**Data in this exercise:**
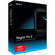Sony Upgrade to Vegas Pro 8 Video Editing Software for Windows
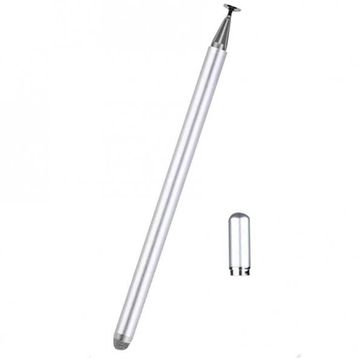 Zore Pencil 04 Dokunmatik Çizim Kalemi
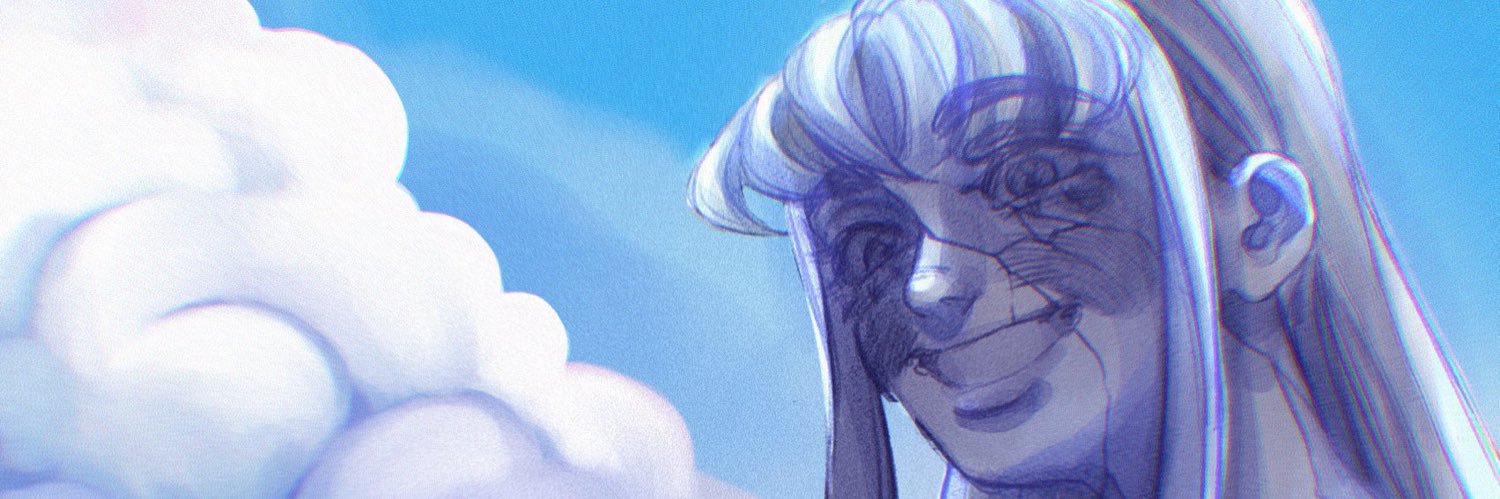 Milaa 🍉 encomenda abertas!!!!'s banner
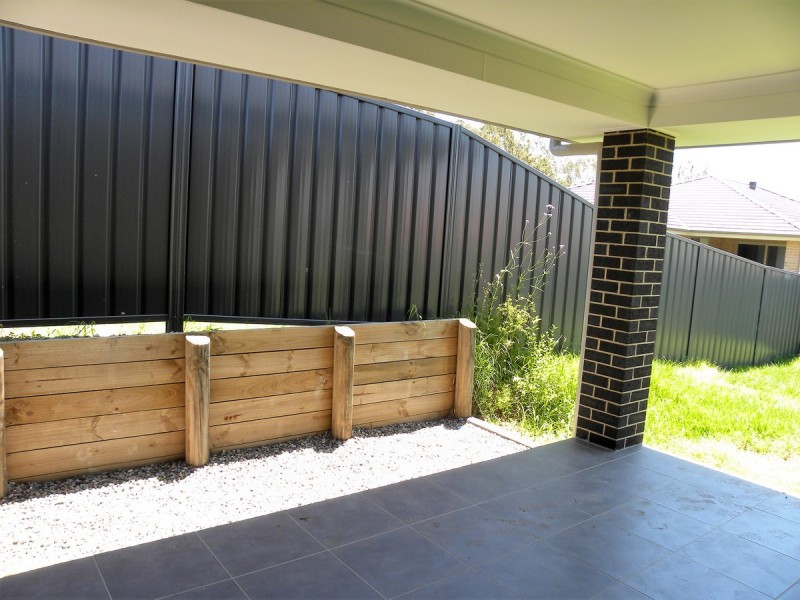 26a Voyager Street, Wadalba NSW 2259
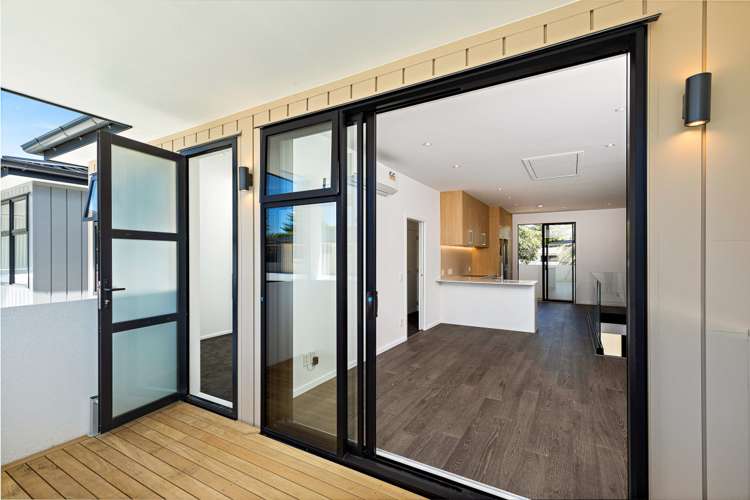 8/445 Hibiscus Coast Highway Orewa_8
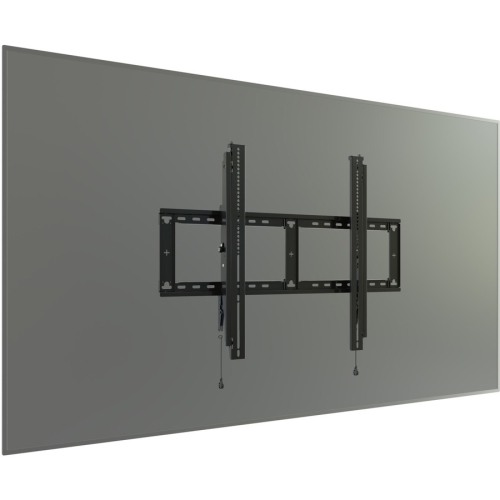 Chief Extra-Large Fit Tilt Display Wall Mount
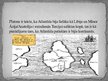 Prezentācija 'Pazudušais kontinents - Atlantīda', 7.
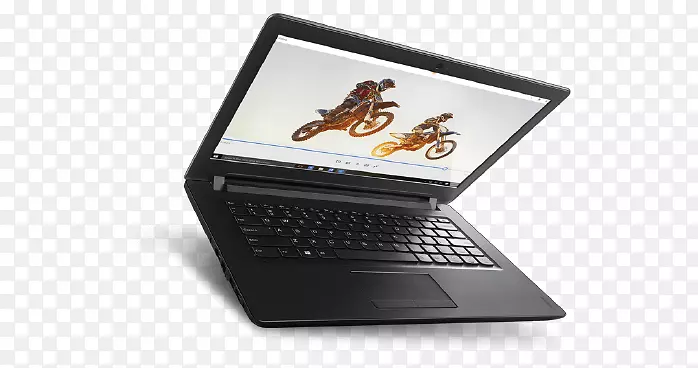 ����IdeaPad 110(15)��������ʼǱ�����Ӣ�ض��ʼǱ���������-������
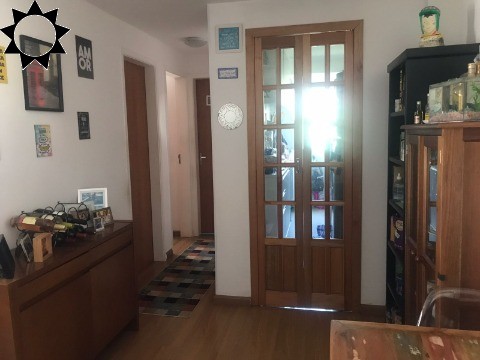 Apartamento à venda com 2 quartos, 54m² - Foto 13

**Try it:**
Pictures aside, retype the entries above exactly as they are.

**Answer to this task:**
Sony Upgrade to Vegas Pro 8 Video Editing Software for Windows
 Zore Pencil 04 Dokunmatik Çizim Kalemi
 Milaa 🍉 encomenda abertas!!!!'s banner
 26a Voyager Street, Wadalba NSW 2259
 8/445 Hibiscus Coast Highway Orewa_8
 Chief Extra-Large Fit Tilt Display Wall Mount
 Prezentācija 'Pazudušais kontinents - Atlantīda', 7.
 ����IdeaPad 110(15)��������ʼǱ�����Ӣ�ض��ʼǱ���������-������
 Apartamento à venda com 2 quartos, 54m² - Foto 13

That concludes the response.